OSchmi's thoughts on IT and the rest of the world: database

Showing posts with label database. Show all posts

Saturday, March 3, 2012

dbdeploy with checksum validation

We just published a modified version of Graham Tackley's dbdeploy tool at github. Dbdeploy is enhanced with checksum validation of allready applied scripts. It will throw an Exception if an allready applied database script has changed afterwards.
Thanks to Michael Gruber for implementing this change while being a part of our Delivery Chain Taskforce.

Friday, March 2, 2012

database schema evolution followup

Having thought about the comment of pvblivs to my previous post, a substantial difference between version control of software and database changes became obvious to me. It is not a big deal, I just never thought about this before.

For software, the version control system (VCS) represents a hopefully consistent state of your software for any revision. This state will be delivered to your dev/staging/production system. Maybe the software is build into an executable format, but basically it is taken as a whole. Maybe for optimization you only push the actuall differences to your systems, but still the final state of the target system will be represented by the revision in your VCS. If you want to know what has changed between to revisions, you ask your VCS what the differences are between these revisions, and it will show you.

With database changes, you actually write scripts that describe the transition between previous state and required state. So the db developer manually does the job that the VCS does for software. The VCS is basically used for storage and historization of these transitions, only.

In contrast to software, databases typically have two streams of evolution. Structural changes and Application data is pushed like software bottom up from development to production. The other stream is a top down stream of data added to the database by users. I think that this is the reason why we define changes and not the required target state as we have to find a way to merge the two streams.

A question I have now is, should there be a tool that automatically determines the required changes between two database states?

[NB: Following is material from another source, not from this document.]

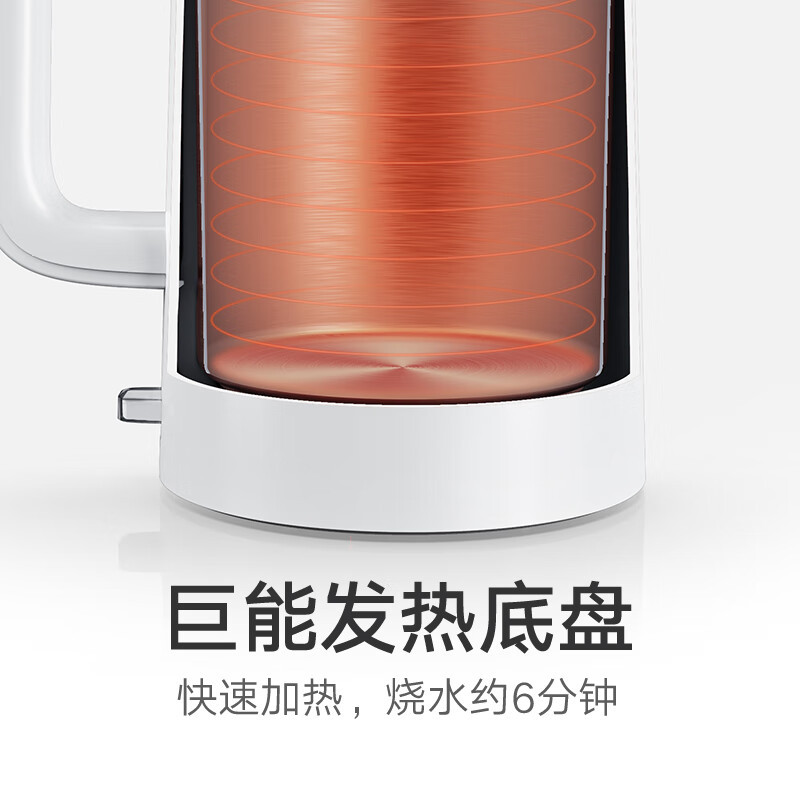 Redmi路由器AX5400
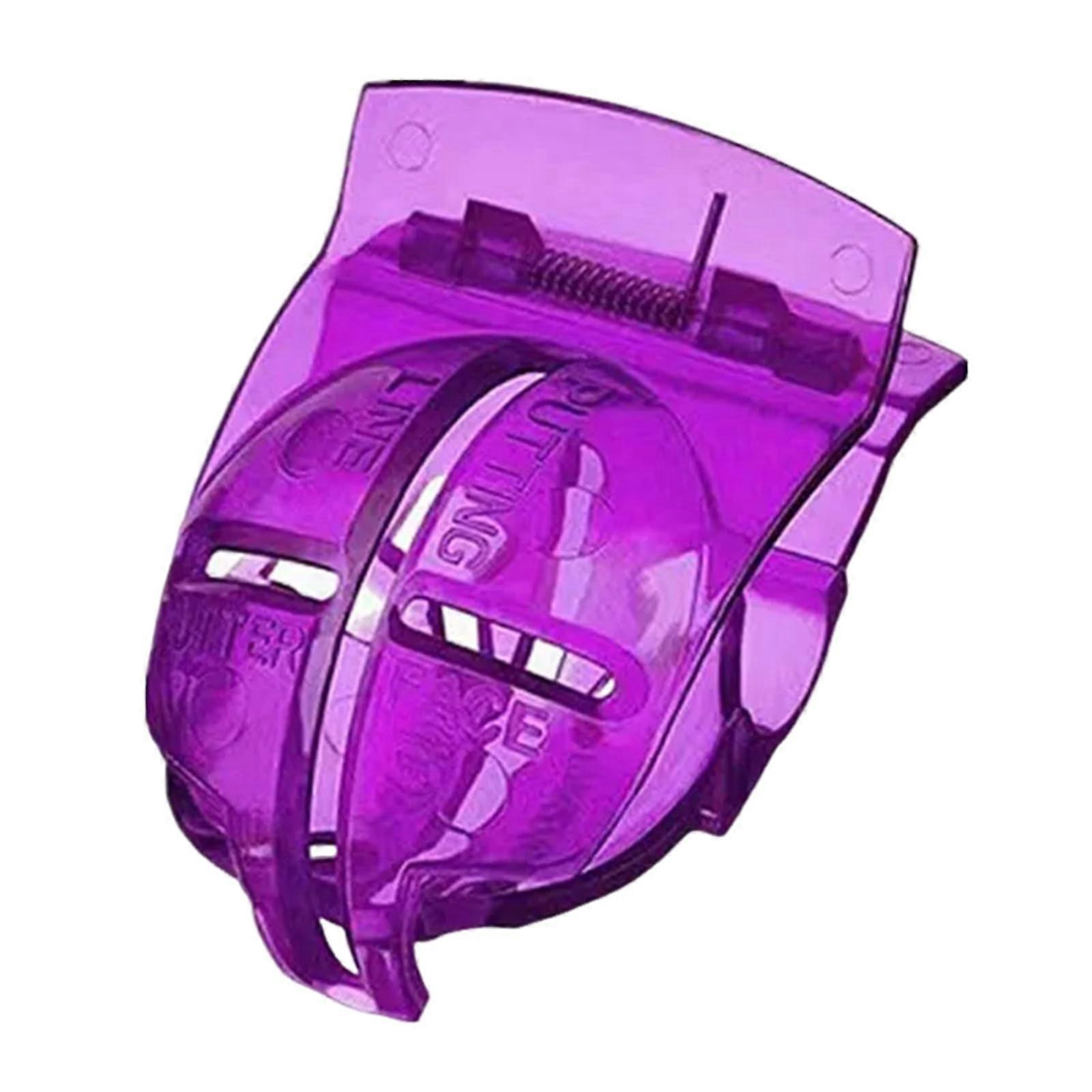 Golf Ball Alignment Tool for Precise Putting Accuracy, Golf Line Marker Clip Training Aid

I remember listening to a presentation about a db migration tool, I think it was liquibase, you could point at two different databases and instruct it to migrate one to the state of the other. And I remember the bad feeling I had regarding that idea. Mainly because I did not like the idea to move changes from staging to productionthis way, because you would have to make damned sure not to accidentaly delete the production data. You would need to define very well, which application data to move and which user data to leave as it is. But maybe I should rethink that.

What do you think?

Tuesday, February 28, 2012

database schema evolution versus schema versioning

Why we have choosen to use dbdeploy for our database evolution over flyway and some other candidates.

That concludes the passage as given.